Türk Tarihi

Tanzimat ve Meşrutiyet Dönemlerinde Hukuk

II. Mahmut Dönemi’nde başlatılan yenilikler, Tanzimat Dönemi’nde de devam etmiştir. Tanzimat Fermanı ile Osmanlı tarihinde ilk kez bir padişah, kendi haklarını kanun ile sınırlandırmıştır.
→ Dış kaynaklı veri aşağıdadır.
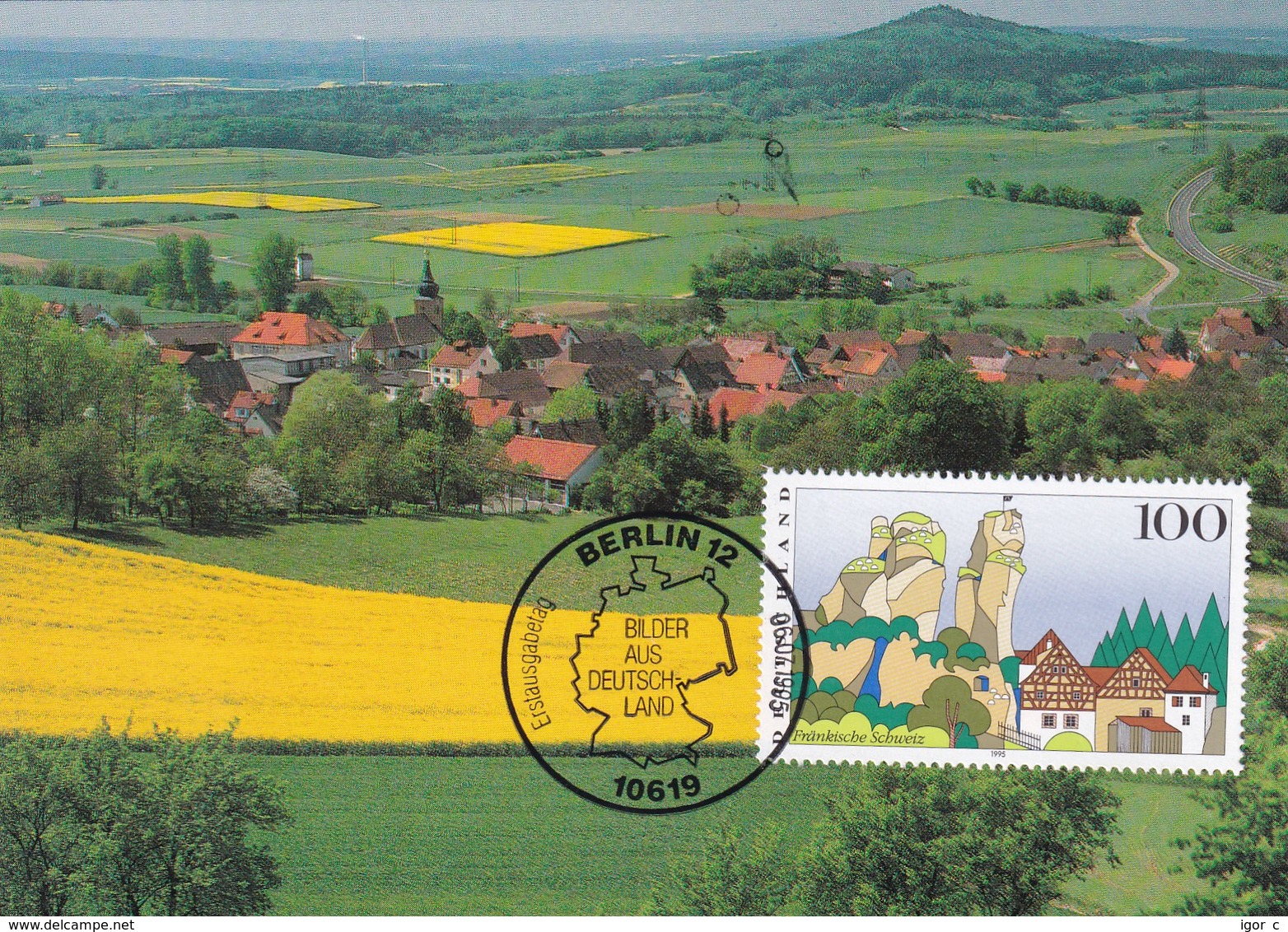 Germany Maximum Card 1995: Nature Protection; Fränkische Schweiz - Umweltschutz Und Klima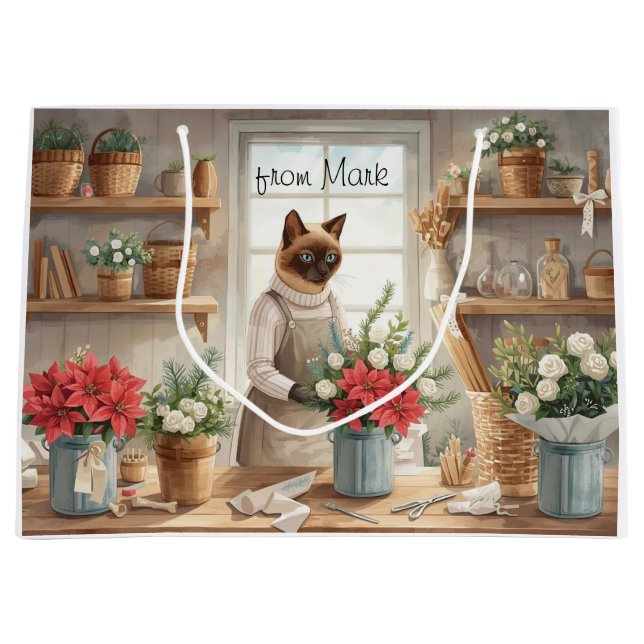 Sacola Para Presentes Grande Cat arranging Winter Flowers for Christmas  (Frente)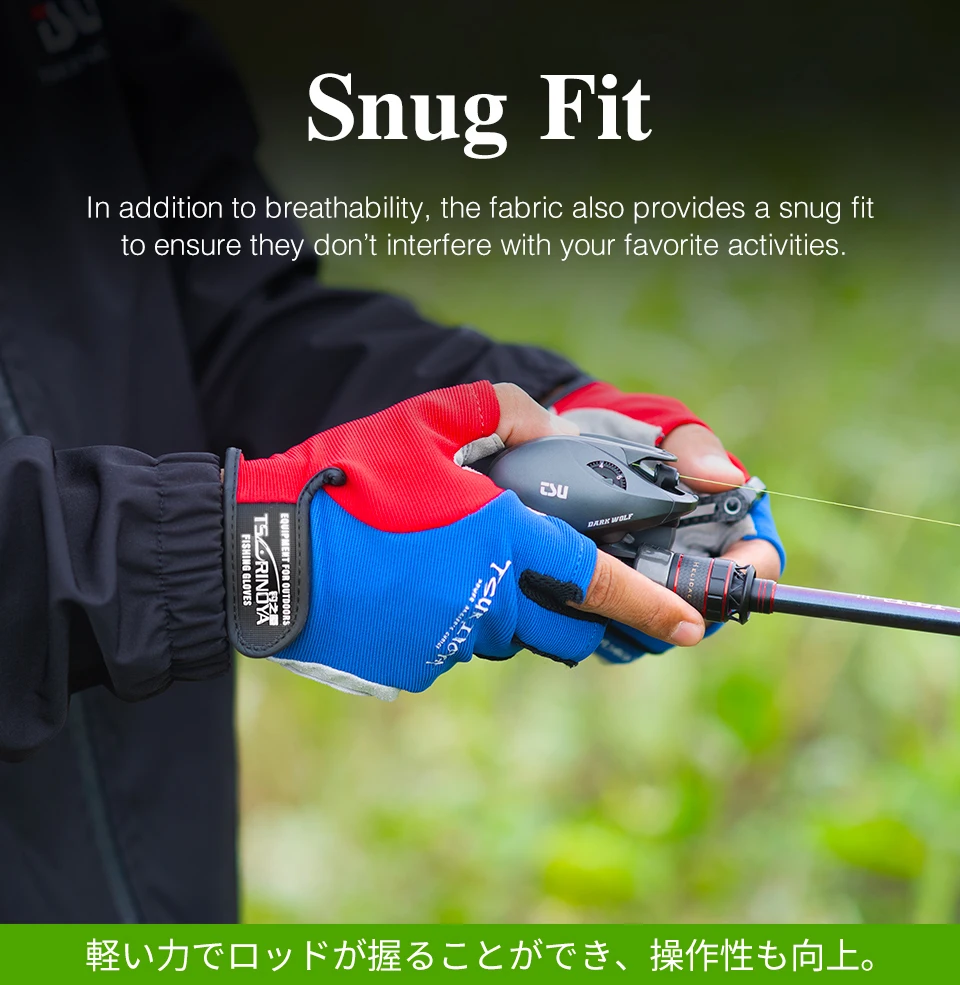 TSURINOYA Fishing Gloves Full Finger 3 Cut Finger Outdoor Hiking Paddling Driving Canoeing Rowing Non-slip Sport Lure Gloves
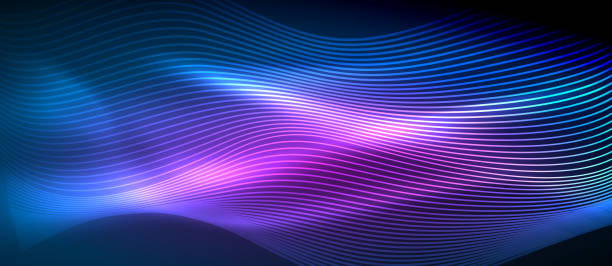 Glowing abstract wave on dark, shiny motion vector art illustration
Bu fermanda bütün vatandaşlara can, mal ve ırz güvenliğinin sağlanacağı, vergi ve askerlik işlerinde adaletli olunacağı belirtilmiştir. Ayrıca kanun ile tanımlanmayan suç ve cezanın olmayacağı ifade edilip yargılanmadan kimseye ceza verilemeyeceği hükmü getirilmiştir. Temel haklarla ilgili hükümlere de yer verilen bu ferman bir anayasa olmasa da anayasal hükümler taşımıştır.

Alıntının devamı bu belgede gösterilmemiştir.